In an effort to continually define the true you, think about your values. Make a list of them (choose around 10), and then try to rank them in terms of your biggest priorities. Below is a list of some values, but it’s not exhaustive, so be sure to include your own in your list:

Abundance
Accomplishment
Accountability
Acknowledgement
Activeness
Adaptability
Adoration
Adventure
Affection
Affluence
Altruism
Appreciation
Approachability
Approval
Art
Assertiveness
Attentiveness
Attractiveness
Being the best
Belonging
Benevolence
Bliss
Boldness
Bravery
Calmness
Camaraderie
Candor
Certainty
Challenge
Charity
Chastity
Cheerfulness
Cleanliness
Closeness
Commitment
Community
Composure
Confidence
Conformity
Conservation
Courage
Courtesy
Credibility
Decisiveness
Dependability
Devoutness
Diligence
Discipline
Education
Ethics
Exploration
Fairness
Family
Financial independence
Fitness
Frankness
Freedom
Friendliness
Friendship
Generosity
Gratitude
Growth
Harmony
Health
Honesty
Humility
Humor
Independence
Integrity
Intimacy
Joy
Kindness
Love
Nature
Open-mindedness
Optimism
Patience
Passion
Peace
Popularity
Power
Responsibility
Selflessness
Sensitivity
Silence
Silliness
Simplicity
Sincerity
Spirituality
Spontaneity
Stability
Thankfulness
Tidiness
Trust
Trustworthiness
Vitality
Volunteering
Wisdom
Zeal

And just like that, you’ve already done most of the hard work! You’ve created your own bible to live by. When you know your most important priorities, you use them to make informed decisions in your life, both big and small. If, for instance, one of your top priorities is nurturing your child, and he is asking you to stop watching TV and instead play trucks with him, your decision is easy. The action itself (turning off the TV and missing the end of your show) might not be easy, but the decision to do so is. And if your high priority value really is time spent with your kids, when you make the decision to do so, ultimately that will be the most gratifying decision because that is what feeds the real you.

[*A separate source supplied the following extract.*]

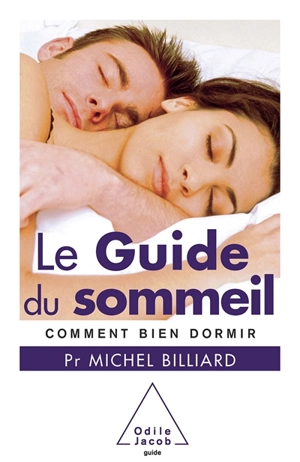 Le guide du sommeil : comment bien dormir - Michel Billard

The biggest benefit in knowing and understanding your values is that it will lead you to clarity and focus. When you use your new prioritized values list when making decisions, it will inspire you to do the things that really matter to you. In other words, the whole point of discovering your values is to improve the results you get in those areas that are truly most important to you.

Make sense? I hope so. It really all is a process. I would recommend that you try the entire exercise a few times and see how you feel in the end. Make your list of 10 values and prioritize them. Review your list a few times and really think about whether that is what you want or if that is what you think you should want. Revise your list if needed. Once you are sure you have a list of prioritized values that reflect the true you, commit them to memory if you can.

Then start using your values to make informed decisions – how you treat others, how you spend your time, your attitude, how you handle adversity, where you spend your money – everything! And, over a period of time, see how you end up feeling. If your values list is reflective of the real you, and if you’re making decisions and acting in ways that reflect those values, I’d bet your core self will start to move toward inner peace – and a little more spiritual wellness.